Hier sur le Tour de France, Lance Armstrong a vécu une sale journée. Deux chutes d’abord (dont une à vive allure), puis cette incapacité à suivre les meilleurs dans le dans le joli mais dur petit col de la Ramaz, où il a pris une première minute sur le groupe des favoris.
Ensuite, entre le Praz de Lys et Les Gets, il s’est retrouvé ralenti par une autre chute alors que devant, les Astana accéléraient. Bilan, l’américain a flanché, et probablement autant moralement que physiquement. A l’arrivée à Avoriaz, c’est avec 11′ de débours que le septuple vainqueur de la Grande Boucle a franchi la ligne !
Avec ces faits, basiques, quelques éléments d ‘analyse.
Premier élément: l’équipe Radioschack, que l’on annonçait dominante et forte, s’effiloche pour le moment à chaque difficulté: seul Levi Leipheimer est encore en course pour le général et Klöden semble être très poussif. Quant à Brajkovic, il s’est sacrifié pour Lance. A l’inverse, Astana, censée avoir été pillée de ses meilleurs éléments, a hier « vissé » et montré un visage assez séduisant, avec notamment l’éternel Vinokourov qui, quelles que soient ses casseroles que nous ne nieront pas, est un sacré coureur talentueux sachant se faire bien mal à la gueule.
Deuxième élément: Lance Armstrong est objectivement beaucoup moins fort qu’avant. Il faisait hier un peu son âgé (36 ans). La pédalée était moins souple, les épaules étaient un peu plus dodelinantes, signes quand même que c’était dur pour lui. souvenez-vous pourtant ses anciens tours, comment il assommait ses rivaux dans les arrivées en altitude, emmené par un train (US Postal, Discovery…) . Cette époque est révolue. Heureusement, l’américain est très loin d’être pathétique, comme d’autres sportifs faisant un come-back on pu l’être (Jordan, Spitz, Borg…).
Troisième élément: il a lâché mentalement.
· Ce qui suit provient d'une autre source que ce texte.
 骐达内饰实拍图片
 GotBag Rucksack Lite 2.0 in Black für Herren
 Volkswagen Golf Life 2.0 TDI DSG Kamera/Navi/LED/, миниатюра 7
Ce point est le plus surprenant tant on connaît la mentalité de gagneur du Texan. Souvenez-vous sur les pavés comment il s’était accroché seul d’abord, puis avec l’aide de Popovych. Hier, non, il a décroché et c’est peut-être le plus inquiétant pour l’américain, ça ne lui ressemble tout simplement pas et ce mental était pour beaucoup dans ses succès.
Quatrième élément: le fait que Armstrong soit irrémédiablement lâché pour le général va donner à la course un schéma nouveau, très intéressant. Lance va-t-il aider son coéquipier Leipheimer ? On sait qu’il sait admirablement bien le faire (il a fait gagner de nombreuses courses à ses coéquipiers et des belles, comme le Dauphiné), alors va-t-il le faire aujourd’hui ? Ou sinon, et ce serait beaucoup plus intéressant, va-t-il désormais jouer une victoire d’étape, ce qui donnerait au Tour 2010 un aspect tout à fait séduisant… Armstrong est probablement le coureur ayant la meilleure maîtrise tactique du peloton, va-t-il l’exploiter avec panache ? Espérons-le !
Cinquième élément: la liberté de l’Américain peut-être un élément nouveau, le facteur X, dans la bagarre des cadors pour le maillot jaune (Schleck, Contador, Evans…). On imagine mal l’américain aider Contador, alors qu’on le voit bien rouler et faire rouler son équipe pour l’enterrer si ce dernier a un coup de moins bien. Hier, Schleck et Contador on roulé pour éliminier définitivement l’américain, et ce dernier l’a perfidement mentionné dans ses interviews aux média; on attend le retour de baton, qui arrivera c’est sûr, et il pourrait faire mal…
Sixième et dernier élément: Armstrong, qui est un grand cycliste, saura-t-il être un grand champion ? En d’autres termes, saura-t-il, dans la défaite, se comporter avec dignité et classe ? Le Armstrong ultra-dominateur n’était ni sympathique ni juste avec les autre coureurs, à la différence d’un Indurain en 1996 ou d’un Jalabert sur la Vuelta 1995 (cf l’épisode avec l’allemand Dietz). Désormais, sur ce Tour 2010, espérons qu’Armstrong aura d’abord l’élégance de poursuivre sa route et de terminer, par respect pour l’épreuve qui lui a tout donné, et ensuite qu’il fera la course à fond, car il peut réellement encore influencer ce Tour et ainsi, enchanter les spectateurs et téléspectateurs.
Oui, nous avons appris beaucoup de choses hier, et en espérons tout autant pour les jours qui viennent.